It happened during the World Trade Organization (WTO) summit in January. San Jose-based Conxion Inc., which hosted the WTO server, was hit by a denial-of-service attack launched by the Electrohippies (E-hippies), a U.K.-based online activist group.

Conxion traced the IP trail directly back to the E-hippies server and read postings encouraging E-hippies to mail-bomb the WTO. Instead of dropping those incoming packets at the router like most companies do to stop denial-of-service attacks, Conxion volleyed them back at the E-hippies server, swamping it for several hours. Conxion was so proud of its defensive tactics that it issued a press release.

Chris Malinowski, the recently retired lieutenant commander of the New York Police Department's Computer Crime Squad, says "returning mail to sender" doesn't constitute a crime. But many information technology professionals say they wouldn't risk taking such an action, even if they had explicit proof of the source of the attack.

The chief concern is accidentally slamming innocent sites through which hackers have routed their attacks to conceal their tracks.

"My fear scenario is that U.S. government agencies [involved in information warfare] will build in react capabilities," says John Pescatore, an analyst at Gartner Group Inc. in Stamford, Conn. "A smart hacker will launch a [denial-of-service] attack using those agencies' IP addresses, and they all start attacking each other. The worst case is Amazon shoots eBay who shoots the IRS who shoots Cisco who shoots . . ."

Another concern is liability.

"Launching a counterattack is very difficult because of all the liability issues that come up," says Pete van de Gohm, director of information asset protection at Enron Energy Services Inc. in Houston. "Like, what if the attack comes from a boundary outside the United States and I act against it? Does that constitute an act of war?"

Richard Power, an editor at the San Francisco-based Computer Security Institute, says most company executives with fiduciary responsibilities to their stockholders, government regulators and attorneys would never expose themselves to civil and criminal charges by allowing counterattacks.

Although no hot information war has broken out yet, there are clear indicators in the vendor and IT communities that IT security is shifting beyond passive firewall protection to a more active defense.

"I'm not sure about fighting back in terms of [counterattacking], but in terms of defending yourself, we're just beginning to scrape the surface of defensive measures and tools," says Ruth Lestina, a specialist in information security at Predictive Systems Inc., a New York-based systems integrator.

Defensive Tactics

Tool vendors are beginning to push hacker traps and tracers. Network Ice Inc., Recourse Technologies Inc. and Network Flight Recorder Inc. (NFR) all market IP tracking tools that can trace the route of an attack. They also offer decoy network boxes (fondly referred to as "honey pots") that identify an attack and limit it to a punching-bag server that looks like the larger network but isn't connected to it.

In addition, some Linux products, as well as the FreeBSD open-source Unix variant, ship with full bags of hacking tools, including Trojan horses (hidden executable programs) and port scanners that can be used to trace the techniques and footprints of the hackers involved in an attack.

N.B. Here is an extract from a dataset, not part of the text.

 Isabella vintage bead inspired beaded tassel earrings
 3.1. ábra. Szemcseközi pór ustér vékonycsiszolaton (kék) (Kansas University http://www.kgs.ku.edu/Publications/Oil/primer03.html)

Rockville, Md.-based NFR, which markets its products as "clue-gathering tools for network and security managers," offers a souped-up intrusion-detection system that includes a "network forensics" element with data-traffic analysis and limited trace-back capabilities. NFR also has a product called BackOfficer Friendly, which sets up a fake session when it detects someone trying to install Back Orifice (a remote monitoring program) and logs the IP address of the attacker and any operations he tries to perform.

In addition to vendors, IT managers are also trying to build more reactive capabilities, according to Lestina. She says that more than two-thirds of Predictive's customers are looking for ways to get the upper hand with cyberattackers, and that includes trapping and tracing their activities.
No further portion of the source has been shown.